— Dataset records —
════
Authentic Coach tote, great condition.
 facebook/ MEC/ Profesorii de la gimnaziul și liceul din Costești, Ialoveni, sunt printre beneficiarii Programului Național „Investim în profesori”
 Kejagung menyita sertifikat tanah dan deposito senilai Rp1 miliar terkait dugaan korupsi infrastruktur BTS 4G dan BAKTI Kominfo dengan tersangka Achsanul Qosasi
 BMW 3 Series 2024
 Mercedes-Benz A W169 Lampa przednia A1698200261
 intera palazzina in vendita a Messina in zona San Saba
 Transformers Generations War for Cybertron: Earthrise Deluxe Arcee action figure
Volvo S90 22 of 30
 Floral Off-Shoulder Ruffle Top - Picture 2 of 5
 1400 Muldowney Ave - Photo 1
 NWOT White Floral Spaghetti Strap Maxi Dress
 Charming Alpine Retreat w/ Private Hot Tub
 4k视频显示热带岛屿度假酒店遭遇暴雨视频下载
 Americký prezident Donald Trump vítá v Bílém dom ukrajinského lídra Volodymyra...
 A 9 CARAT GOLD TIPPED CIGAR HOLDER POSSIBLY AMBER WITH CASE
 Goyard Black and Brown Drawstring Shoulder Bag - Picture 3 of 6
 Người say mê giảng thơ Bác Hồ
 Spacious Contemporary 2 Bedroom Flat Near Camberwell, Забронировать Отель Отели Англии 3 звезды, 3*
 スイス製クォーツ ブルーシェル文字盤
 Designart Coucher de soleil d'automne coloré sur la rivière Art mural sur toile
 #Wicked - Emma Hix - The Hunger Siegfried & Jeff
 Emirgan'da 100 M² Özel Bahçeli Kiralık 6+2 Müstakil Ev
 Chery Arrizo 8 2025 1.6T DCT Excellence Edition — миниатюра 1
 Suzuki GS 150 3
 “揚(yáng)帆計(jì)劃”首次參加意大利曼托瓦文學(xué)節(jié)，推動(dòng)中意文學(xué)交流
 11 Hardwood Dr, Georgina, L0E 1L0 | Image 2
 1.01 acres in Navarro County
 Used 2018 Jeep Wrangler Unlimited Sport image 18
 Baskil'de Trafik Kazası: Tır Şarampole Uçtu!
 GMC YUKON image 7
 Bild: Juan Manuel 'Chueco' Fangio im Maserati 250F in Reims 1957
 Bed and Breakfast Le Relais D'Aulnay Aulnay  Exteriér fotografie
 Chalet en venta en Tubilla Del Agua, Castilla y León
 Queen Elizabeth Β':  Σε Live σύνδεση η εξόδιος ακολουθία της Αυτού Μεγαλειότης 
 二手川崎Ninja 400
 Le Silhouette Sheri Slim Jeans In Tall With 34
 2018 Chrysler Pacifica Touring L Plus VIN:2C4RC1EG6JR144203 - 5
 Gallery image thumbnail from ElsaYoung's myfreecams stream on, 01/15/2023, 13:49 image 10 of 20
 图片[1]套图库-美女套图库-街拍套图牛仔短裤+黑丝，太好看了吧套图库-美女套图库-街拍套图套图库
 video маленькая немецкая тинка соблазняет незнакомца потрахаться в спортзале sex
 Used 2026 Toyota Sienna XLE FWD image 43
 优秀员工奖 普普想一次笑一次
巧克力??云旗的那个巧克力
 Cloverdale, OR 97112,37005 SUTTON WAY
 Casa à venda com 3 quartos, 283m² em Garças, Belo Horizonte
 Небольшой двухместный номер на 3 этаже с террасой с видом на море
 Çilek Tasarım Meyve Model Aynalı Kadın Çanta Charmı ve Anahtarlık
════
What lines above contain the word "Picture"? Return each such line.

 Floral Off-Shoulder Ruffle Top - Picture 2 of 5
 Goyard Black and Brown Drawstring Shoulder Bag - Picture 3 of 6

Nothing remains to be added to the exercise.